- Theatrical release poster
- Directed by: Vikranth Srinivas
- Written by: Vikranth Srinivas
- Produced by: Padmavathi Chadalavada;
- Starring: Laksh Chadalavada; Soniya Bansal; Neha Pathan;
- Cinematography: P C. Kanna
- Edited by: Vinai Ramaswamy. V
- Music by: Sai Karthik
- Production company: Sri Tirumala Tirupati Venkateswara Films (STTVF)
- Release date: 2 February 2024;
- Country: India
- Language: Telugu

= Dheera (2024 film) =

2024 Indian Telugu film

Dheera is an Indian Telugu language action thriller film directed by Vikranth Srinivas and produced by Padmavathi Chadalavada, starring Laksh Chadalavada, Neha Pathan and Soniya Bansal as the leads.
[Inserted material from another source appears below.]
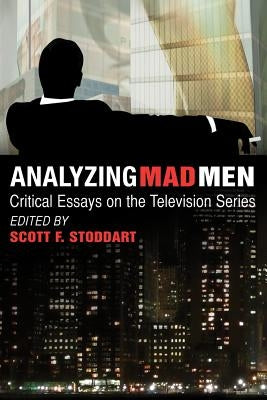 Analyzing Mad Men: Critical Essays on the Television Series by Stoddart, Scott F.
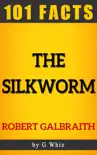 The Silkworm – 101 Amazing Facts sinopsis y comentarios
Dheera was released on 2 February 2024.

== Plot ==
Things get messy when Ranadheer gets hired to transport the most wanted cargo by road within 48 hours.

== Cast ==

- Laksh Chadalavada as Ranadheer
- Neha Pathan as Amrutha
- Soniya Bansal as Manisha
- Bobby Bedi as Chanakya
- Himaja as Hamsalekha
- Bhushan Kalyan as Raj Guru
- Mirchi Kiran as Kiran
- Naveen Neni as Sathya
- Viva Raghav as Dr. Rahul
- Samrat Reddy as Alex
- Bharani Shankar as ACP Karna
- Suman as Krishna Murthy

== Production ==
The film was announced in April 2022. The first look of the movie was released on 9 October 2022 on Chadalavada's birthday and it was scheduled to be released in September 2023.

== Marketing ==
The first glimpse of the film was released on 9 October 2023 on the birthday of actor Laksh Chandalavada.

== Soundtrack ==

The music was composed by Sai Kartheek and released by Silly Monks Music. The musical promotions began with the release of the first single Adharam Madhuram on Valentine's Day.

Tracklist
| No. | Title | Lyrics | Singer(s) | Length |
|---|---|---|---|---|
| 1. | "Adharam Madhuram" | Balaji | Anurag Kulkarni and ML Sruthi | 4:32 |
| Total length: |  |  |  | 4:32 |

==Reception==
Raisa Nasreen of Timesnownews gave 3 stars out of 5 and wrote "Laksh Chadalavada's Film Is An Intense Drama".